I'm certainly one of the individuals that's leaning towards D* over FiOS, but again, do you have a source for this info?



HDTVFanAtic said:


> lots of luck with your choices. Perhaps you chose your wife because of her hair color as well :nono2:


Just like the car, my wife's hair color was certainly one of the factors. In your world, you would pick your wife based on one criteria. Maybe you like Boobs. So, if you met someone with nice Boobs (which is most important to you), you'd marry her no matter what the other qualities were? I don't think so. Yet, that's what you do with your HD provider. You look at one quality and one quality only. There's a lot of factors that must be weighed (by 99.33% of the population).

You don't evaluate everything. You evaluate one thing (HD quality). That's fine. But you can't be obtuse enough to really believe that everyone should do the same thing. You just can't. That's so illogical it borders on insanity.

Have fun with your FiOS. Maybe one day, I'll have fun with FiOS too, but certainly not until they improve some of the key functions of their DVR. I'm in it for the overall TV viewing experience. You're not. You're in it for the best possible picture no matter what. Doesn't matter what else you (or someone else) might have to sacrifice, as long as the PQ is the best it can be, you're happy. I can guarantee you, that you're not in the majority on that thinking.

Life lesson for you: As you go through life, you might actually find people that think differently than you. Regardless of what your parents might have told you, that doesn't mean they're wrong. There are people on this planet that will have different opinions and priorities than you. Learn to accept that and you may find that you'll enjoy life just a little bit more.


----------



## convem24 (Mar 11, 2007)

spartanstew said:


> 1. It may be cheaper for you, but not for everyone. When I cost it out, it's not cheaper for me.
> 2. In your opinion (why can't you understand that some people have opinions different than yours?)
> 3. Source?
> 
> ...


I totally agree with you. I just got tired of speaking with our friend. There are many many things that customesr look at in terms of overall quality versus features, versus price. For me D* offers what I want a competitive price. Plus I move around a fair bit and I don't like moving cable service (in many cases I could not get same cable company or FIOS in any area I move to). D* is offering more than FIOS can for me (plus I don't like the Motorola DVRs and I hate to pay TIVO for something I can get for less).


----------



## Dusty (Sep 21, 2006)

msmith198025 said:


> its way off topic(still) but i found this and had to post it. Its the top rated broadcasts up to 2006. As you can see a LARGE percentage of them are sports programs. Sorry i kept on with this topic guys.
> Rank Show or episode Number of
> households Percentage of
> households Share Date Net
> ...


It's way off topic. But with the same data, I wouldn't conclude sports programs rule. I would conclude network TV is seriously challenged as a business model nowadays. There is nothing in the last 10 years that crank the rankings. The world has evolved. All D*'s sports program advantages have nothing to do with this listing. I am glad civilization has evolved to the extent we can have more choices about what we want or don't want to watch.

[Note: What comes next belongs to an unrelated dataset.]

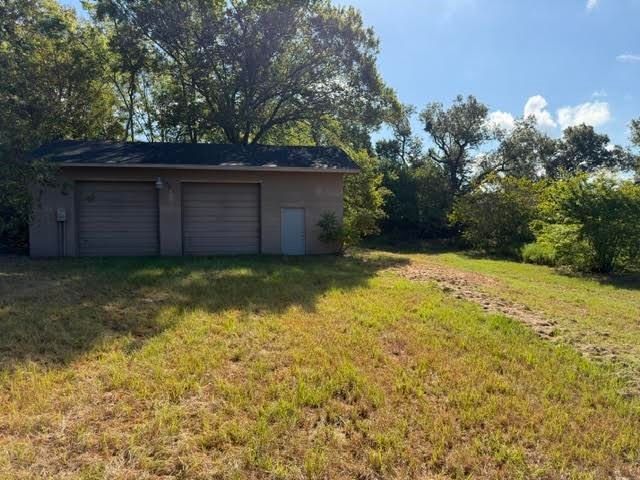 10233 Negem Rd, Tyler, TX 75709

Disclaimer: My comment doesn't imply I am taking sides on FIOS. I was determined to get FIOS TV when it becomes available, but I have changed my mind since all the HDTV announcement D* made. PQ is not enough difference for me to leave D* now that they have the incumbent advantage. I don't dislike HDlite like some of you. If FIOS give me HD MRV, I will switch.


----------



## Dusty (Sep 21, 2006)

msmith198025 said:


> its way off topic(still) but i found this and had to post it. Its the top rated broadcasts up to 2006. As you can see a LARGE percentage of them are sports programs. Sorry i kept on with this topic guys.
> Rank Show or episode Number of
> households Percentage of
> households Share Date Net
> ...


It's way off topic. But with the same data, I wouldn't conclude sports programs rule. I would conclude network TV is seriously challenged as a business model nowadays. There is nothing in the last 10 years that crank the rankings. The world has evolved. All D*'s sports program advantages have nothing to do with this listing. I am glad civilization has evolved to the extent we can have more choices about what we want or don't want to watch.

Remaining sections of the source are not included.